Harris specialises in trying to understand and manage the complex interactions between the environment and society, with a particular focus on water and natural resource management.
As with any spiritual journey worth its name, Harris is discovering not how much the decades have taught him, but how little we know when we thought we knew so much.
His latest book – the fourth of his career – will correct what he sees as the mistakes of his third book, published in 2007, and has the working title Dealing with Uncertainty.
‘I have come to the conclusion that there is something seriously wrong,’ he says.
‘When we tackle living systems, we do so with computer systems, and all sorts of assumptions are built into that approach.
‘A lot of these complex systems – whether they are human, environmental or in infrastructure – are much less predictable than we would like.
‘I want to explore why that is so.’
It’s a big statement from someone who started his academic career with a doctorate that created what was then one of the largest environmental computer simulation models ever built.
He cites the example of the European Union, that committed billions of euros to clean-up the ecosystems of its freshwater systems, and ended up with very little to show from the money spent.
The core of the issues can be summed up with a single idea – ‘the observer is in the loop’.
‘Once you put the observer in the loop, then a lot of these systems become very difficult to predict,’ Harris says.
‘It becomes important to work out how to deal with the uncertainty of managing systems.
‘My interest is in looking at how you set limits to what systems can tell you, and to what degree these things are predictable.’
What creates uncertainty once the observer is a part of – rather than distinct from – the system is that being studied, is that the observer will modify their behaviour as the system evolves, thus changing the dynamic of the system itself.
And this is where his work at the SMART Infrastructure Facility comes in.
Harris has been associated with SMART for more than five years now, thanks to his friendship with University of Wollongong Vice-Chancellor Paul Wellings, with whom he worked at the CSIRO and then at the University of Lancaster in the UK.
While writing his book, he works at SMART as a mentor and scientific adviser.
‘My interests are really quite philosophical because these questions get you into some very interesting areas to do with behaviour, emotions and cognitive science,’ he says.

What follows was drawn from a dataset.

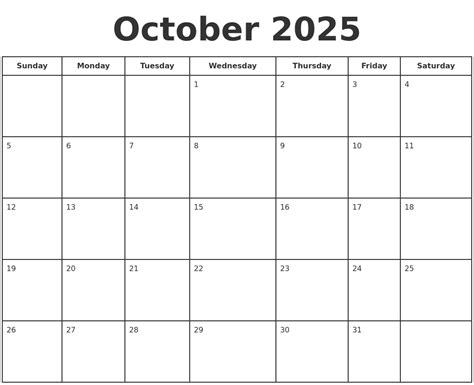 October 2025 Calendar Image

‘One of the problems we have is the ‘billiard ball’ computer model which is so entrenched across a range of disciplines including psychology, urban planning, architecture … even legal studies.’
What these models fail to include are the social, cultural, irrational aspects of the actors within a system.
It is a way of thinking which – he argues – is peculiar to the Anglo West – Australia, the US, Canada, the UK – but not nearly so pervasive in the Romance countries of southern Europe.
‘I know people see me as a bit of an oddity, but at my stage of my career, I don’t have to apply for research grants,’ he says.
‘I can look at issues from different perspectives. I have time to read.’